┌──

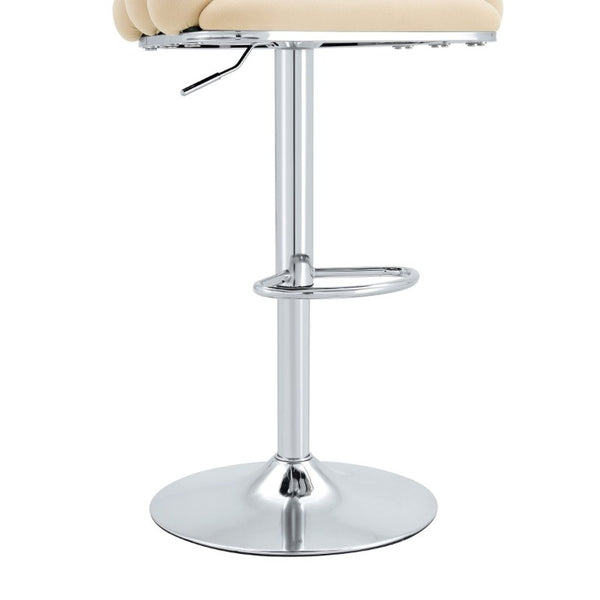 English Elm Adjustable Velvet Swivel Barstools with Bubble Backrest Chrome Base for Kitchen Island Beige, Silver W3875P462114
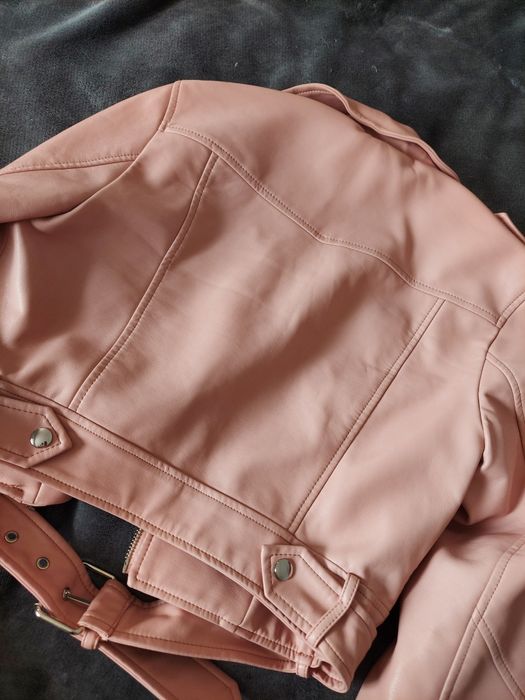 Kurtka skórzana ramoneska biker bershka pudrowy róż M aesthetic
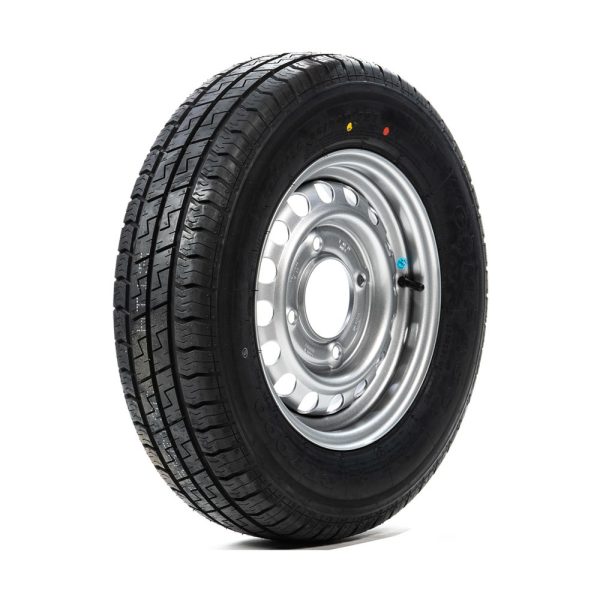 165 R13 4 x 139.7mm wheel and tyre assembly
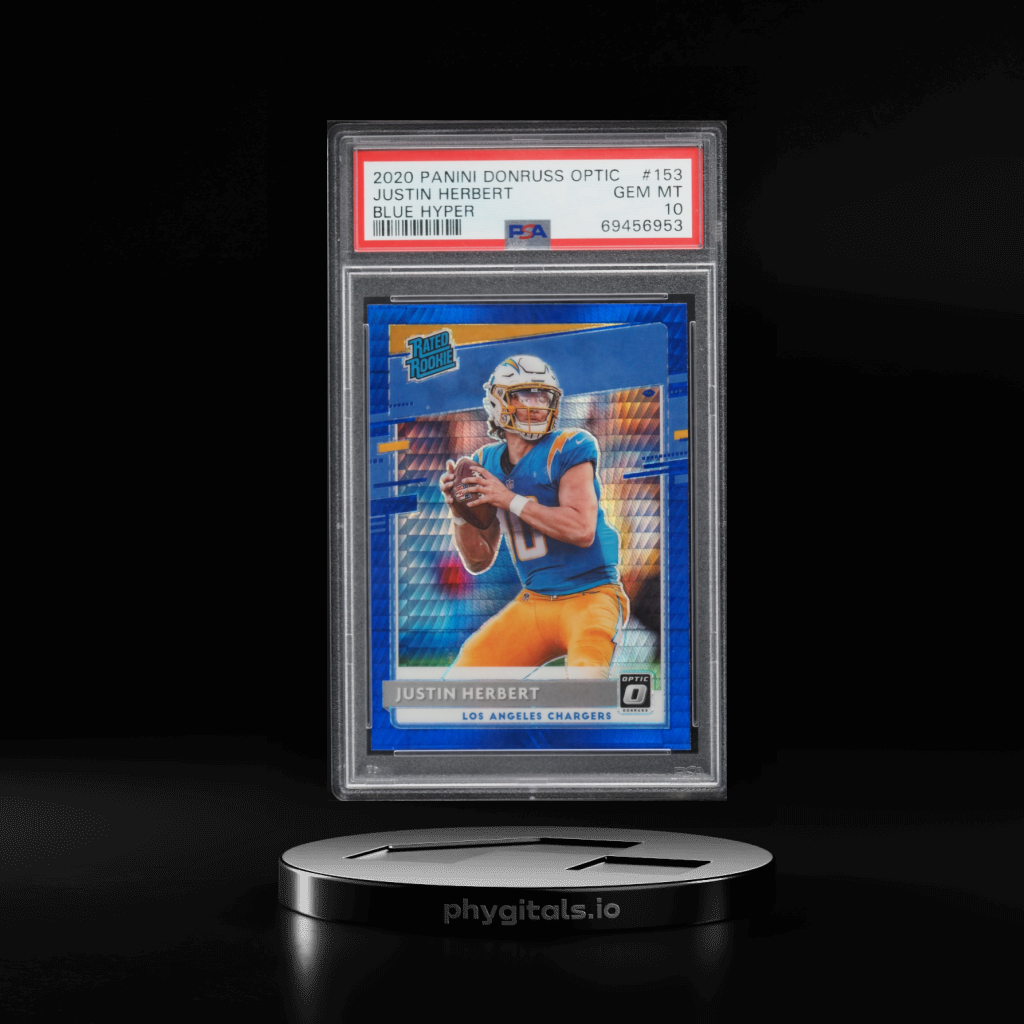 Blue Hyper Justin Herbert card artwork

└──

With the images omitted, repeat all the data word for word.

OUTPUT BELOW =>
 English Elm Adjustable Velvet Swivel Barstools with Bubble Backrest Chrome Base for Kitchen Island Beige, Silver W3875P462114
 Kurtka skórzana ramoneska biker bershka pudrowy róż M aesthetic
 165 R13 4 x 139.7mm wheel and tyre assembly
 Blue Hyper Justin Herbert card artwork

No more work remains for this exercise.